Leaving out the pictures, return each line of the entries from the first through the line with "Sump installed.jpg", and only those lines.

::::::

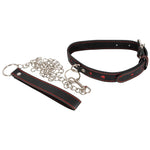 Bad Kitty Collar and Leash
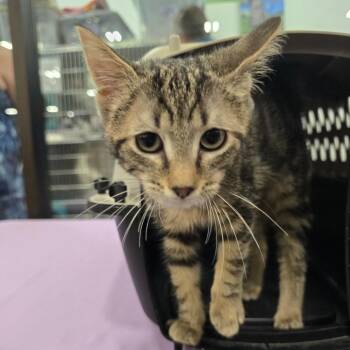 Loo -  Domestic Short Hair Cat for Adoption in Williston, Florida - Loo | PetCurious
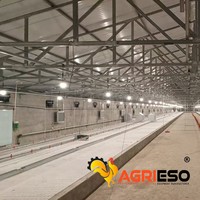 Système d'alimentation automatique en ligne pour volailles d'élevage commercial de poulets pondeurs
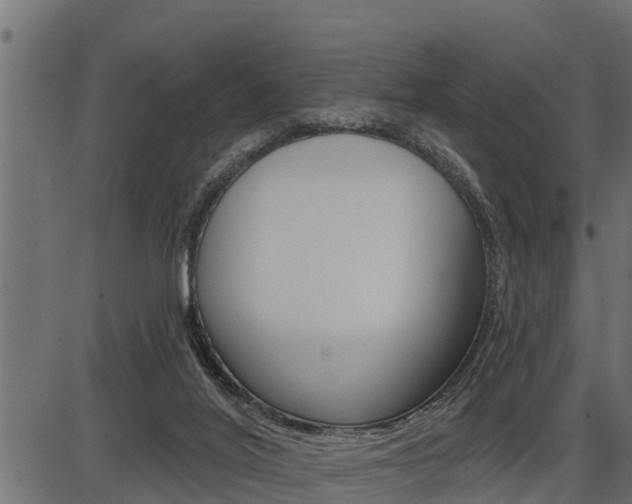 X0000086780020200704130840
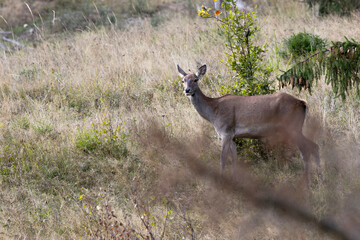 An adult female walking after sunset at the edge of large spruce forest in autumn. Photographed after sunset in low natural light and high ISO. © Silviu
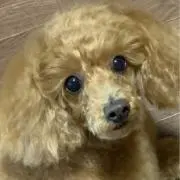 チェリー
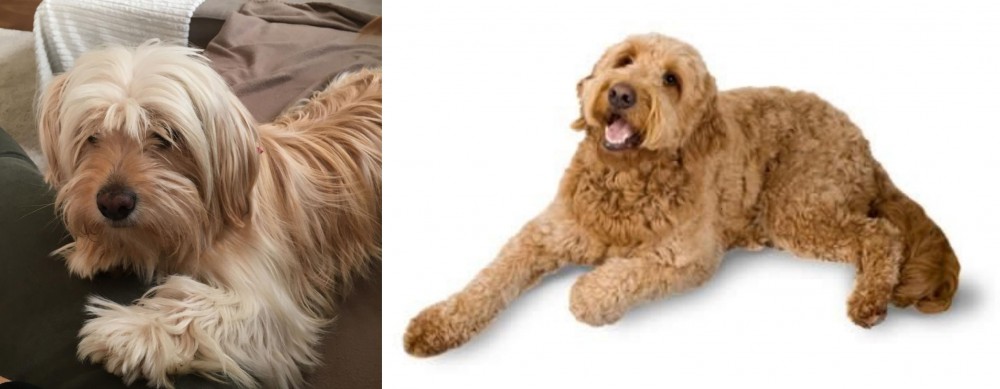 Golden Doodle vs Cyprus Poodle - Breed Comparison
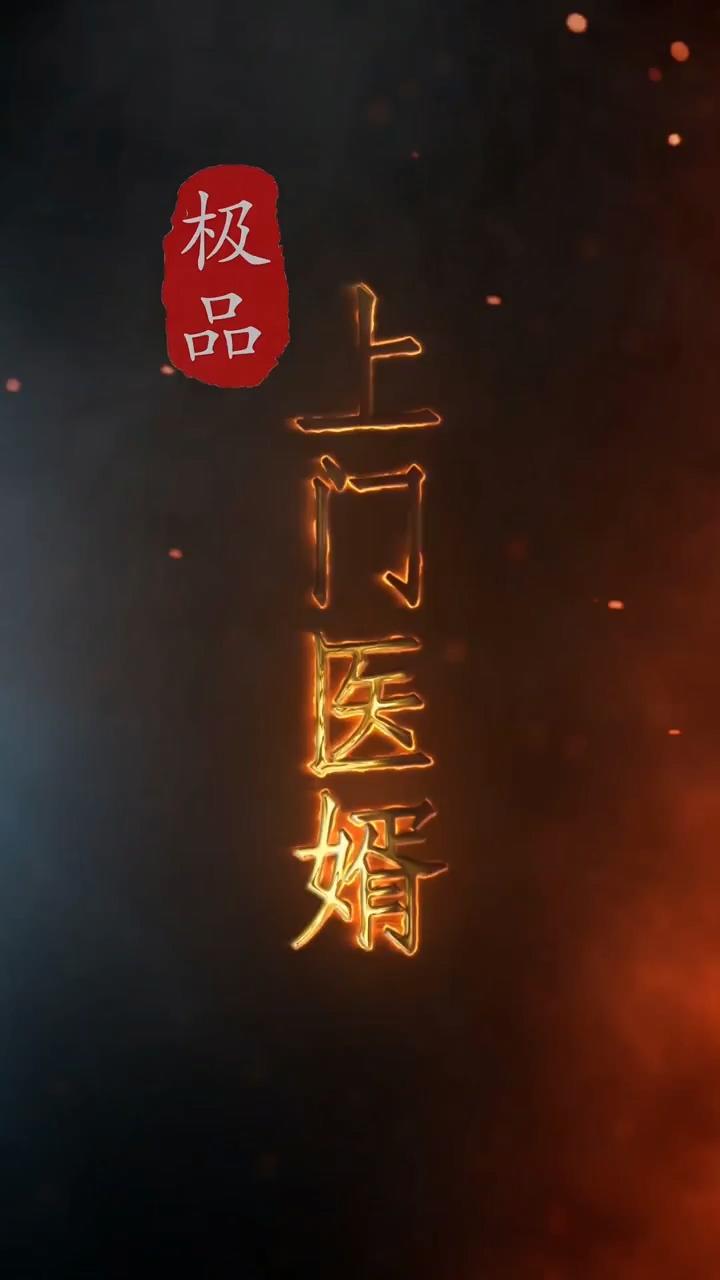 极品%上门医婿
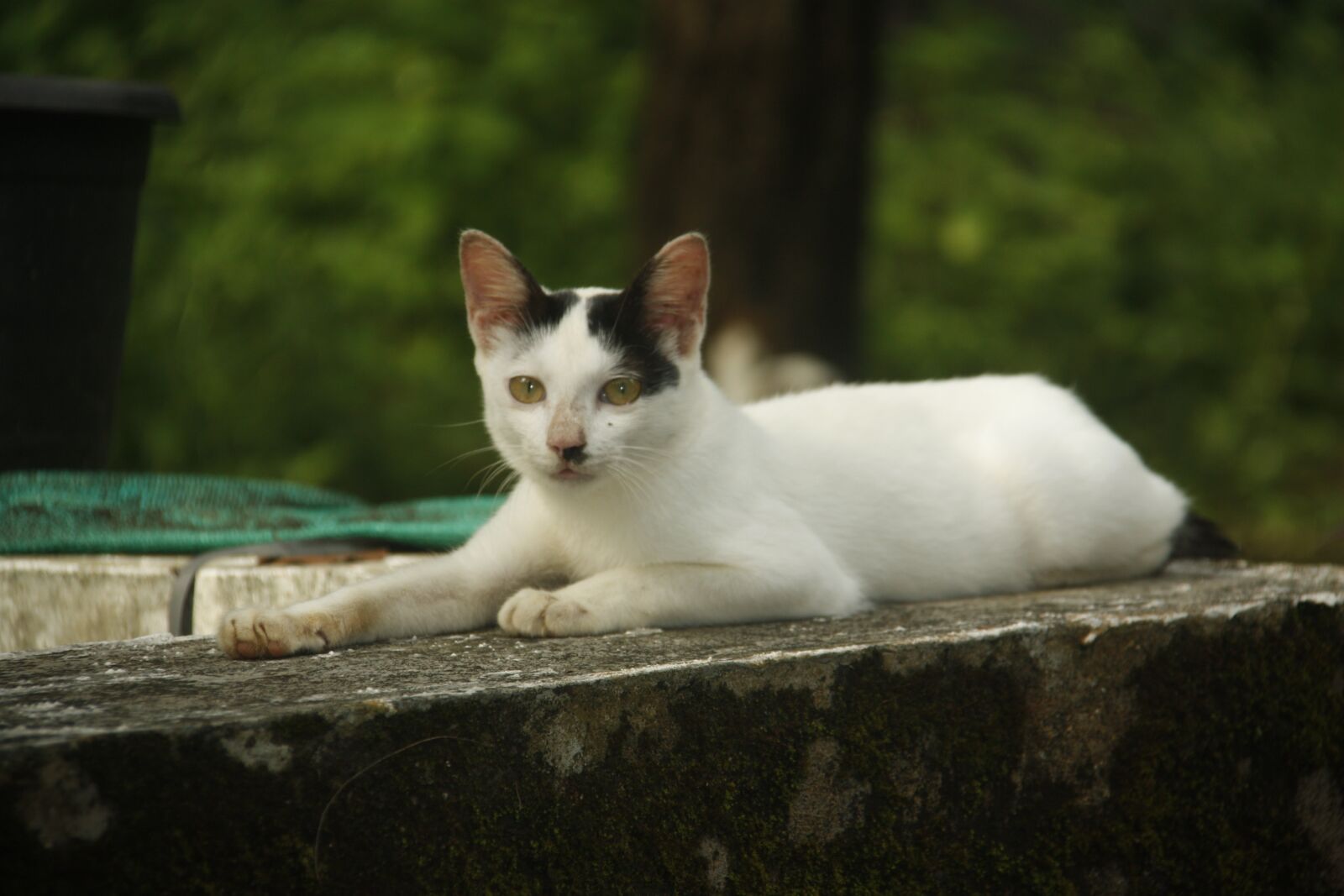 Canon EOS 450D (EOS Rebel XSi / EOS Kiss X2) sample photo. Kerala, cat, wild photography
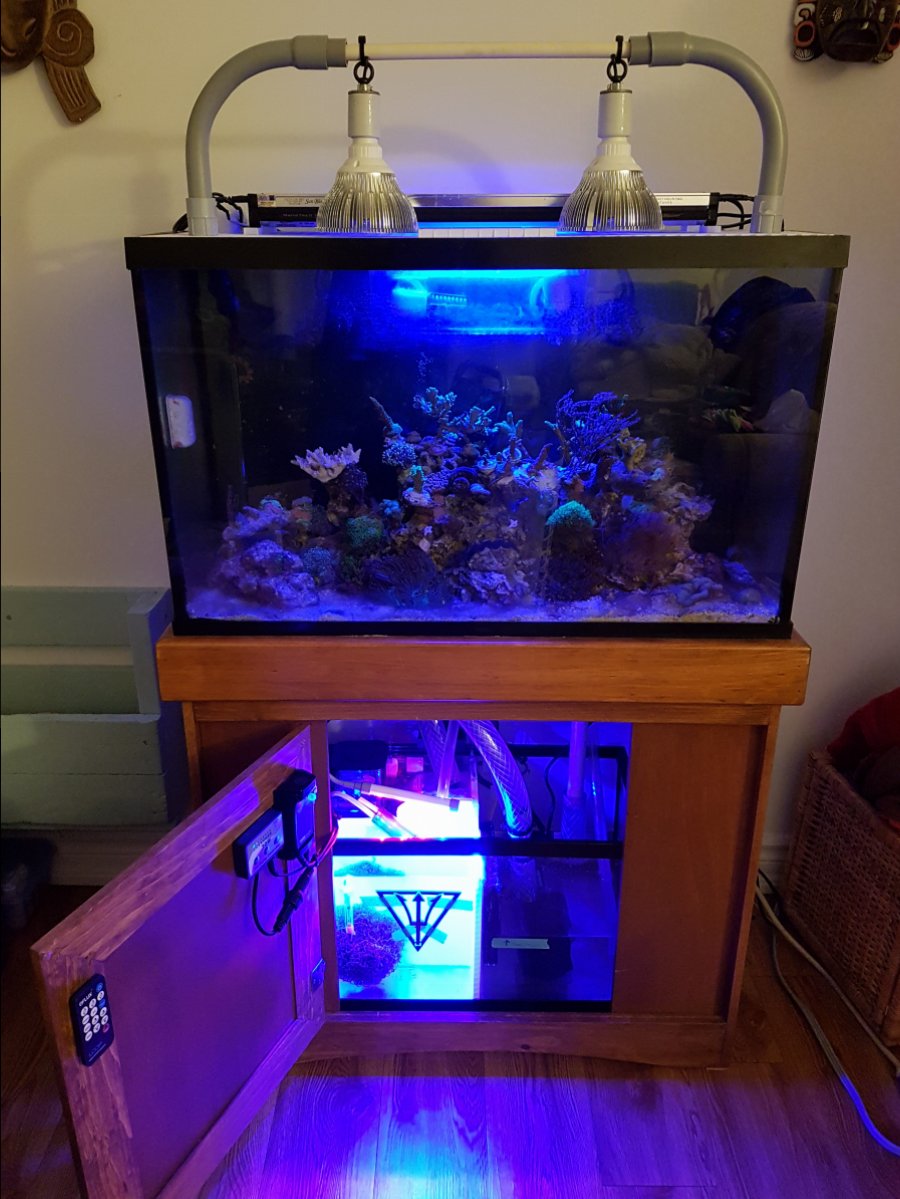 Sump installed.jpg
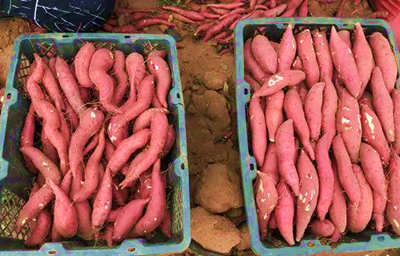 昌江海尾镇高钙红薯种植面积16000多亩
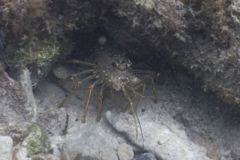 Spiny Lobsters - Caribbean Spiny Lobster - Panulirus argus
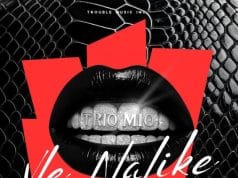 AUDIO Trio Mio – Vle Nalike Mp3 Download Side Makini Blog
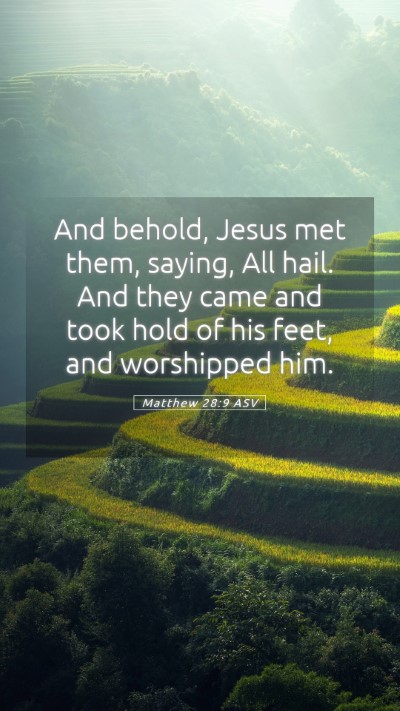 Picture 05 - Matthew 28:9 ASV Mobile Phone Wallpaper - And behold, Jesus met them, saying, All hail. And - Mobile Bible Verse Wallpaper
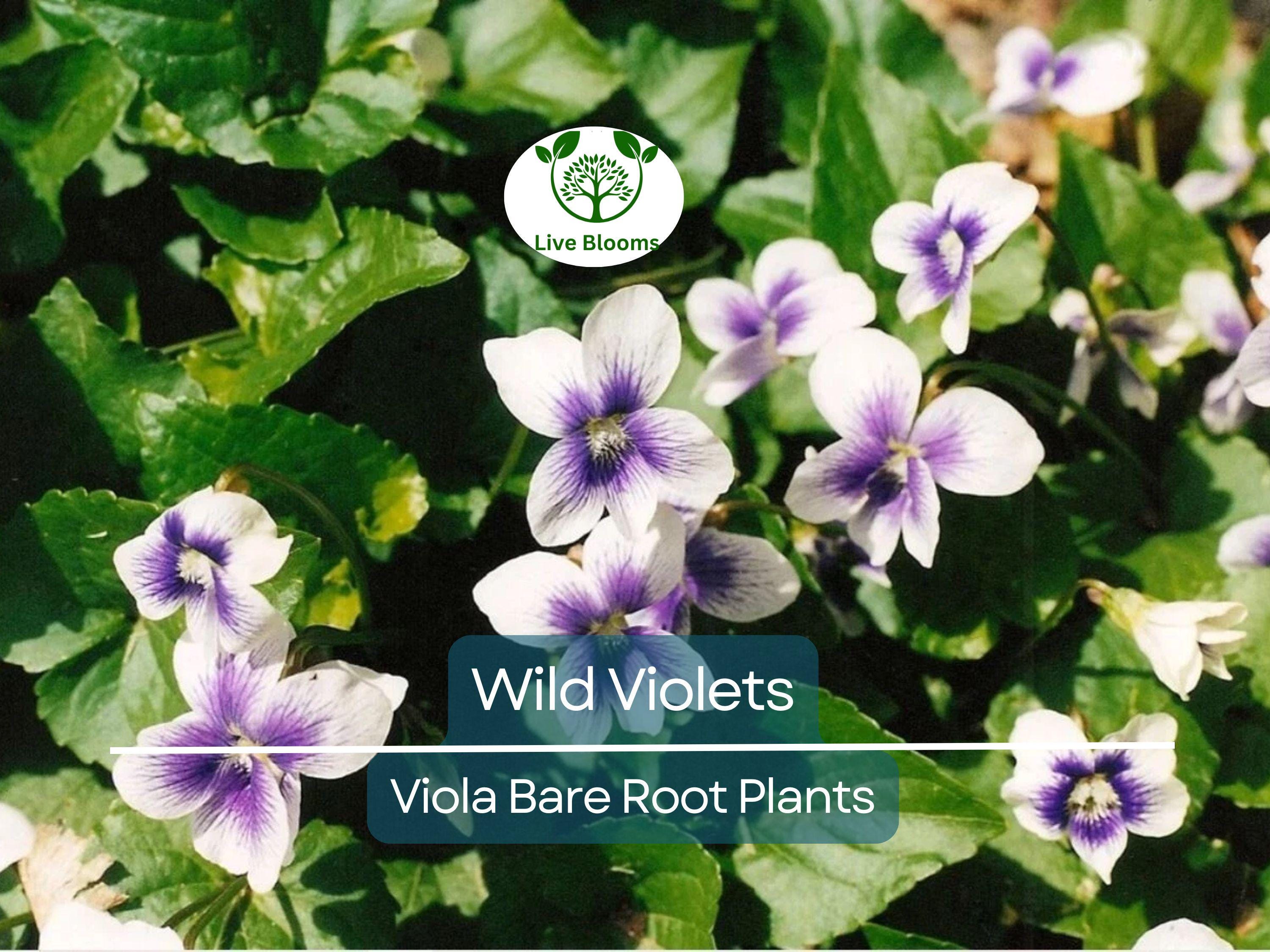 10 Wild Violets Plants – Live Bare Root Mix (Purple & White) – Hardy Groundcover Perennial Flowers – Shade-Loving Blooms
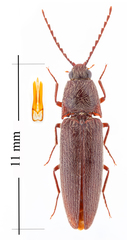 Melanotus hyslopi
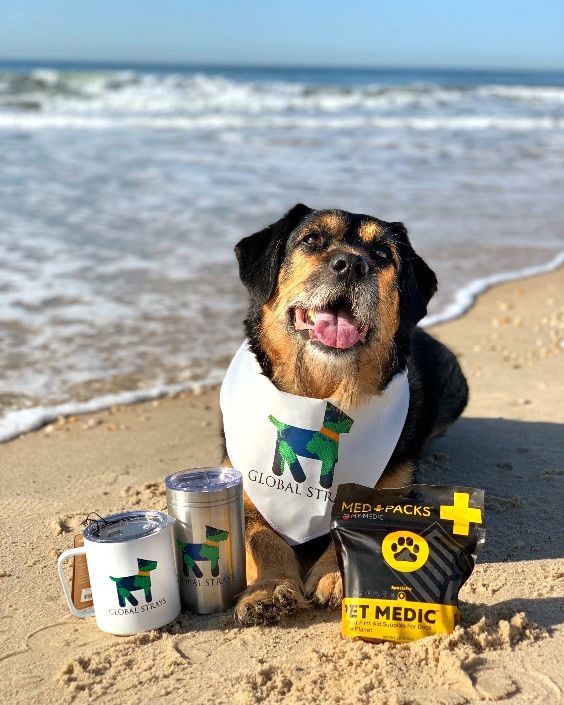 global-strays-pet-first-aid-awareness-week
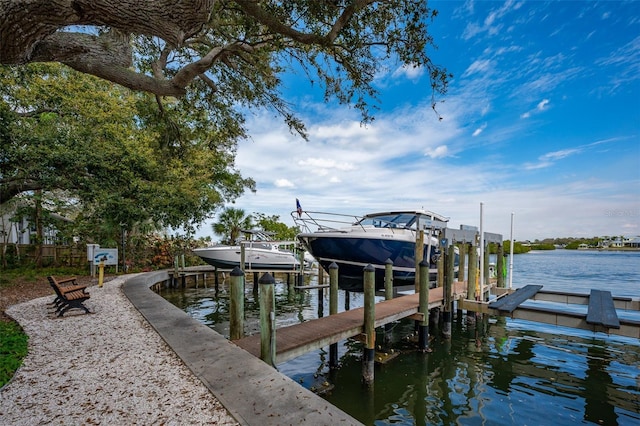 dock area with a water view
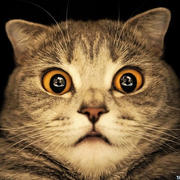 Виталий Самохин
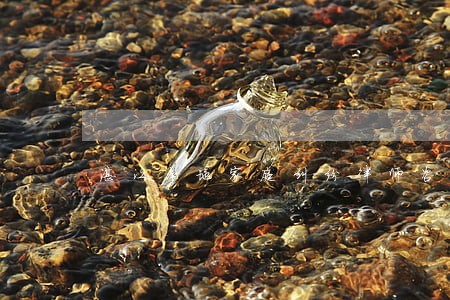 湛江本地家庭纠纷律师咨询热线 湛江本地家庭纠纷律师咨询热线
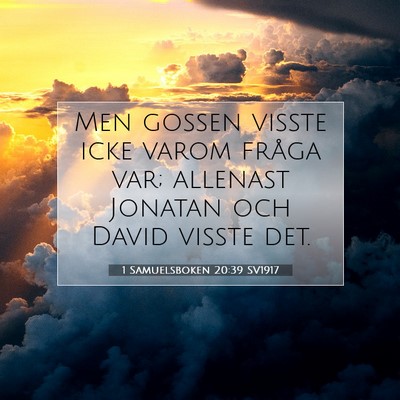 Picture 07 - 1 Samuelsboken 20:39 SV1917 - Men gossen visste icke varom fråga var; allenast - Bible Verse Picture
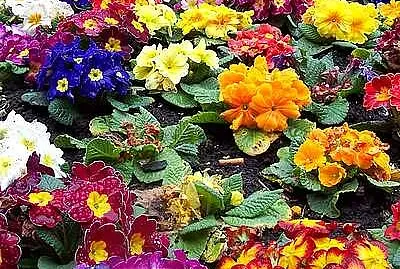Primulas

::::::

→ **Response**
 Bad Kitty Collar and Leash
 Loo -  Domestic Short Hair Cat for Adoption in Williston, Florida - Loo | PetCurious
 Système d'alimentation automatique en ligne pour volailles d'élevage commercial de poulets pondeurs
 X0000086780020200704130840
 An adult female walking after sunset at the edge of large spruce forest in autumn. Photographed after sunset in low natural light and high ISO. © Silviu
 チェリー
 Golden Doodle vs Cyprus Poodle - Breed Comparison
 极品%上门医婿
 Canon EOS 450D (EOS Rebel XSi / EOS Kiss X2) sample photo. Kerala, cat, wild photography
 Sump installed.jpg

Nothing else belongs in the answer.